§ WHAT THE TASK REQUIRES
Skipping all pictures, please restate word for word the lines from the one that contains "Mau égyptien Chaton" through the last line of the entries.

§ Crawled caption data
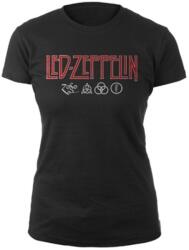 Led Zeppelin Logo & Symbols Black M Дамски Риза (LZTS01LB02)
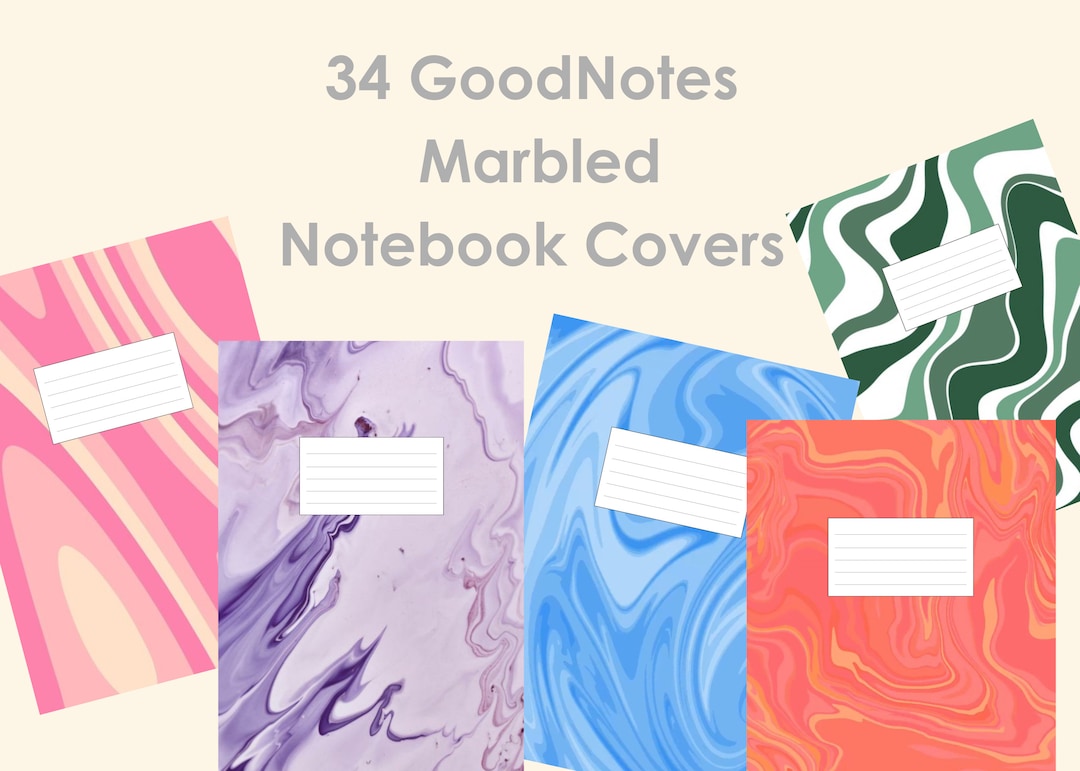 Marble Digital Notebook Covers Digital Notebook Cover Goodnotes Cover ...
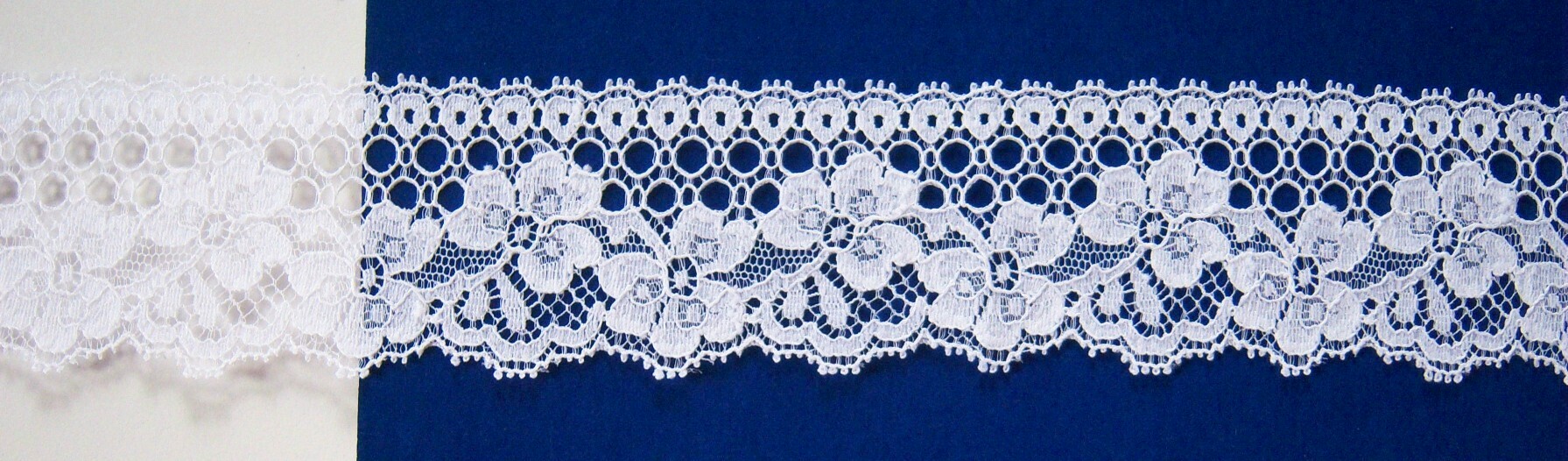 White 1 3/4" Nylon Lace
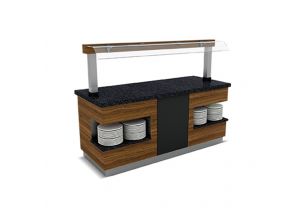 Bufet neutru SANTA FE cu 2 polite interioare si suprastructura 220 cm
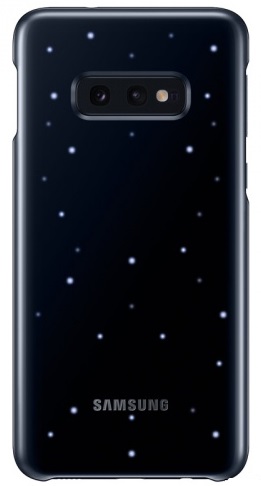 Samsung G970 Galaxy S10e Gyri LED Back Cover Htlap tok Fekete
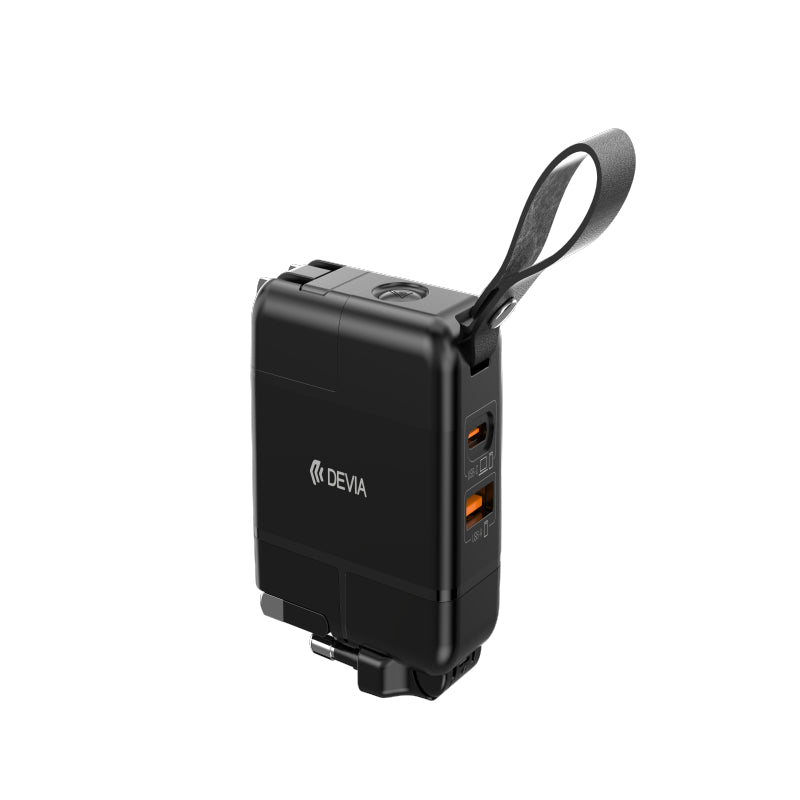 Devia Chargeur GaN multifonction Global 45W PD + QC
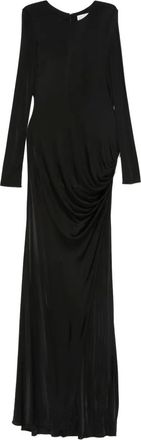 Giuseppe Di Morabito long-sleeve draped dress - Black
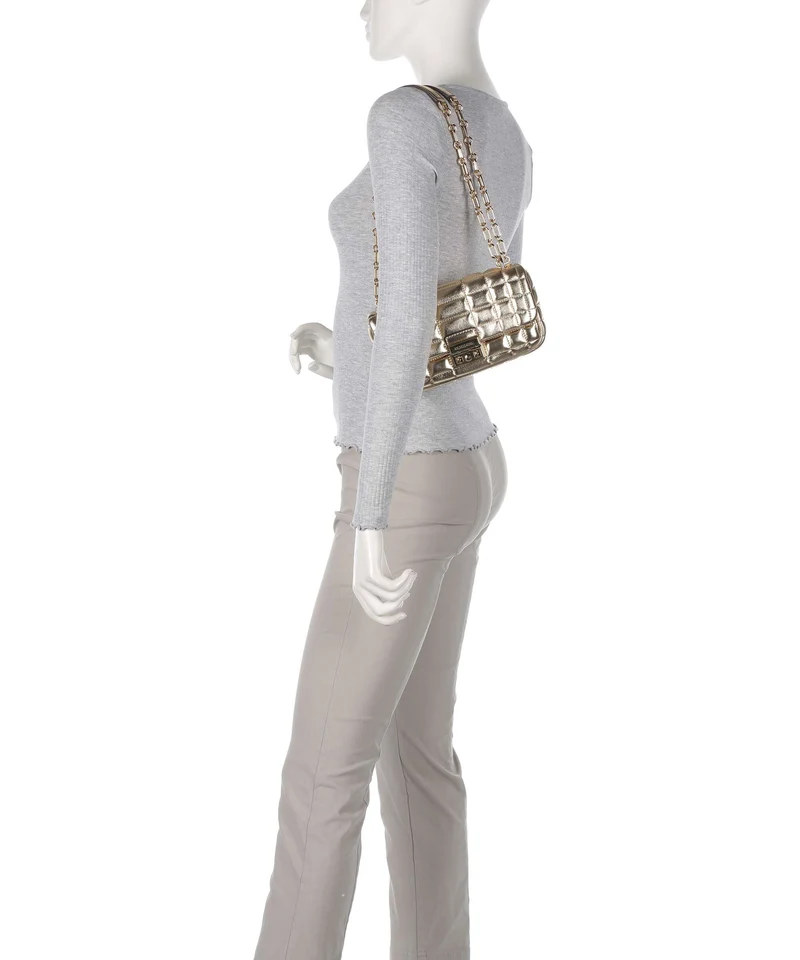 Michael Kors Tribeca Sac porté épaule pale gold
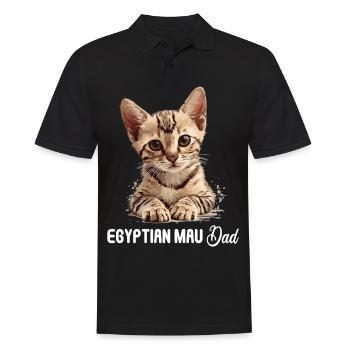 Mau égyptien Chaton Chat égyptien Mau - Polo Homme - noir - Devant - Kai (181cm)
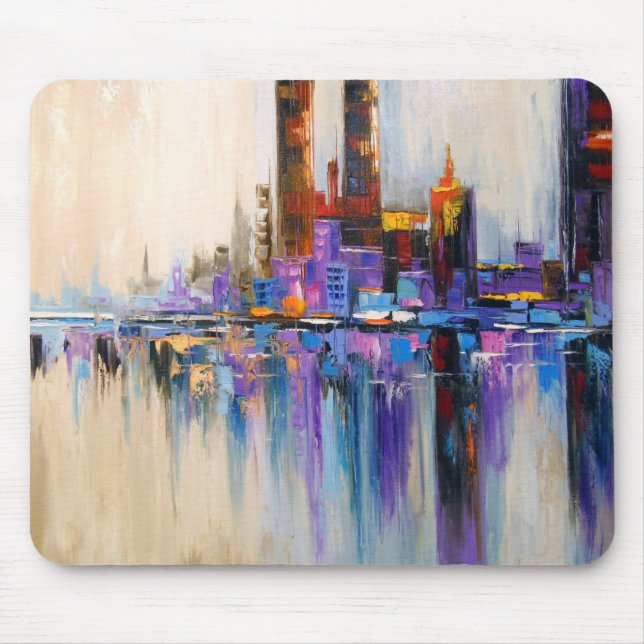 City Tetris Mouse Pad (Front)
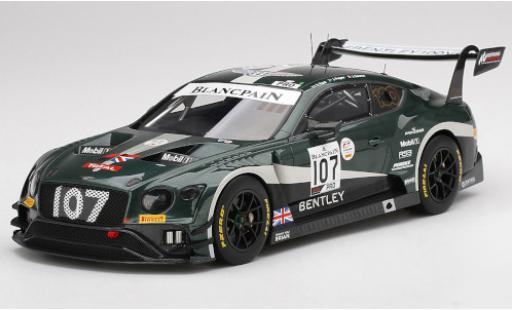Modelauto Bentley Continental course GT3 RHD No.107 M-Sport Team 24h Spa 2019 J.M.Gounon/S.Kane/J.Pepper 1/18 Top Speed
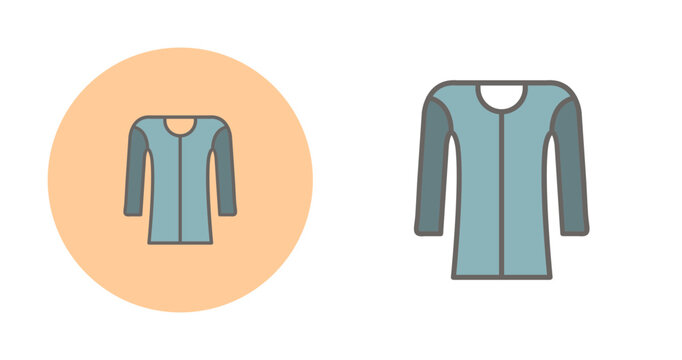Fleece jacket Vector Icon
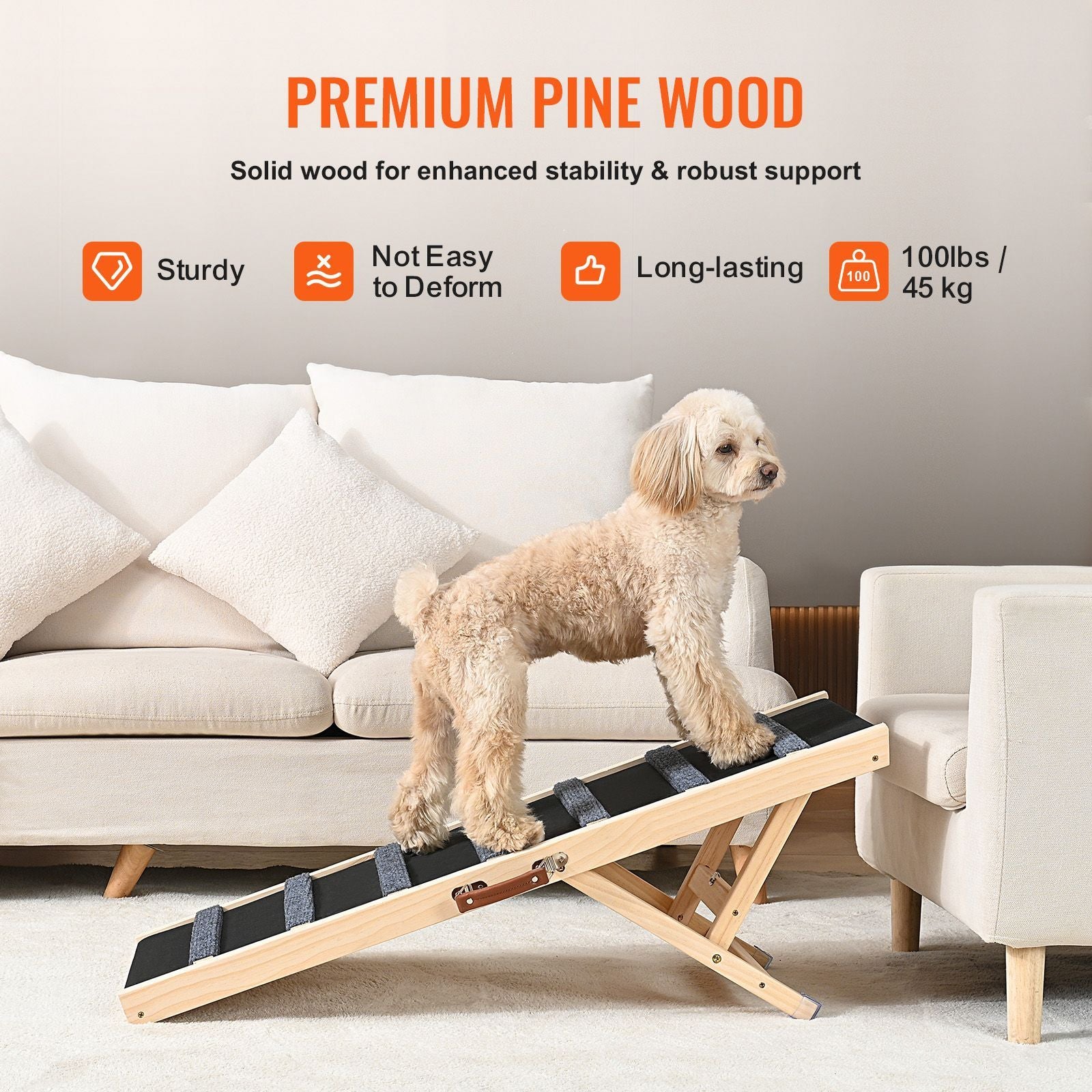 Give Your Furry Friend a Safe & Easy Climb with Our Adjustable Dog Ramp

§ SOLVED PROBLEM
 Mau égyptien Chaton Chat égyptien Mau - Polo Homme - noir - Devant - Kai (181cm)
 City Tetris Mouse Pad (Front)
Modelauto Bentley Continental course GT3 RHD No.107 M-Sport Team 24h Spa 2019 J.M.Gounon/S.Kane/J.Pepper 1/18 Top Speed
Fleece jacket Vector Icon
 Give Your Furry Friend a Safe & Easy Climb with Our Adjustable Dog Ramp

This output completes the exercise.